Limiting pollution of air and water
The Arkema group is pursuing a series of initiatives and effective measures to reduce its impacts in terms of climate change, air pollution and water pollution by limiting its emissions.
Greenhouse gas (GHG) emissions
A longstanding commitment delivers results
Curbing greenhouse gas emissions is a priority of the Arkema group. This approach can be illustrated by examples such as:
- installation of stack gas treatment equipment such as the thermal oxidizers at the Pierre-Bénite plant in France and the Changshu plant in China
- replacement of boilers by more powerful equipment allowing a gas consumption reduction
- replacement of air-conditioners and cold groups by more powerful models.
The Group’s 2020 target of reducing direct GHG emissions by 30%, compared with 2012, was achieved in 2014, largely due to the investments made at the Calvert City site in the United States.
The progress achieved in 2015 reflects the Group’s dynamic on this matter and the effectiveness of its action plan, which extends to all sites.
The Group’s new target for 2025 is to reduce GHG emissions, expressed in EFPI terms, by 50% compared with 2012.
EFPI Greenhouse Gases (GHG)
The challenge of global warming
Greenhouse gas emissions abatement is crucial for our planet and for future generations. Greenhouse gases, including CO2, have long-term effects on the composition of the Earth’s atmosphere, gradually leading to a rise in average global temperatures.
Atmospheric emissions of other substances
Energetic measures to eliminate the most harmful emissions
The Arkema group’s primary concern is to minimize its emissions of the most toxic compounds, namely:
- volatile organic compounds (VOCs),
- compounds that acidify the air (nitrogen oxides and sulfur dioxide),
For VOCs, the Group is controlling emissions:
- by capturing and treating off-gases that contain them (thermal oxidation or blowhole lavage being the most widely-used treatment techniques),
- by regular monitoring programs to detect and eliminate any fugitive VOC emissions.
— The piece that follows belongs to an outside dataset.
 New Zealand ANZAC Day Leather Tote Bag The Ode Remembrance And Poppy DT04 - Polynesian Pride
EFPI Volatile Organic Coumpounds (VOC)
The Group reduced the intensity of its VOC emissions by about 28% between 2006 and 2012 and by 21% between 2012 and 2014, after a performance degradation of 10% between 2011 and 2012.
VOC emission levels in 2015 reflect inclusion of data from the Hengshui, China site and Bostik sites in the indicator.
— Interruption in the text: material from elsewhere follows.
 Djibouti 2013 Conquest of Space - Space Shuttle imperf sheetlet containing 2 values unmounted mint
The Group’s 2025 target is to reduce VOC emissions, expressed in EFPI terms, by 33% compared with 2012.
Impact of air pollution on living species and the environment
Limiting pollutant emissions to the atmosphere has crucial implications for the future, given their consequences for living species and the environment.
By decreasing VOCs emissions, the Arkema group foster the decrease of a major pollutant: Tropospheric ozone
Emissions to water
No effluents discharged untreated
Diminishing its emissions to water also ranks high among the chief environmental objectives of the Arkema group. The group is especially attentive to effluents that could result in high chemical oxygen demand (COD) or contain high levels of suspended solids (SS).
The Arkema group reduces its COD and high-SS effluent discharge by:
- installing its production plants in industrial parks equipped with full-scale wastewater treatment plants,
- installing physical-chemical and/or biological treatment process units to treat effluents at its more isolated plants,
- optimizing the treatments wastewater plants or better controlling water sent in station.
A particular attention to the wastewaters rejected by the plants
Original solutions are sometimes used for the industrial waters depollution. For example, at Boretto (Italy), the Arkema group uses the socalled phytoremediation or pythodepuration technique. Phytodepuration reproduces the ecological balance of aquatic and moist environments. This natural system is appealing to a treatment by the roots of aquatic macrophytes of reed type phragmites communis and to a layout with a little stream and a swamp. It allows to reduce at a maximum the Chemical Oxygen Demand (COD) and to eliminate surfactants initially present.
EFPI Chemical Oxygen Demand (COD)
From 2006 to 2012, the Arkema group reduced the intensity of the Chemical Oxygen Demand of its effluent discharge by more than 23%. Between 2012 and 2014, there has been an increase by 3%.
Improved extensive value results contributed to a drop in the intensive indicator figure in 2015. In January 2016, the Group decided to run a water management project with a view to stepping up progress on this point through continuous improvement.
The Group’s 2025 target is to reduce COD emissions, expressed in EFPI terms, by 20% compared with 2012.
The challenge of river biodiversity
A water course must contain dissolved oxygen in order for aquatic fauna to survive. This oxygen comes both from ambient air and from the photosynthesis performed by algae. In a river or stream with excessively high COD, the oxygen available is insufficient to support aquatic fauna.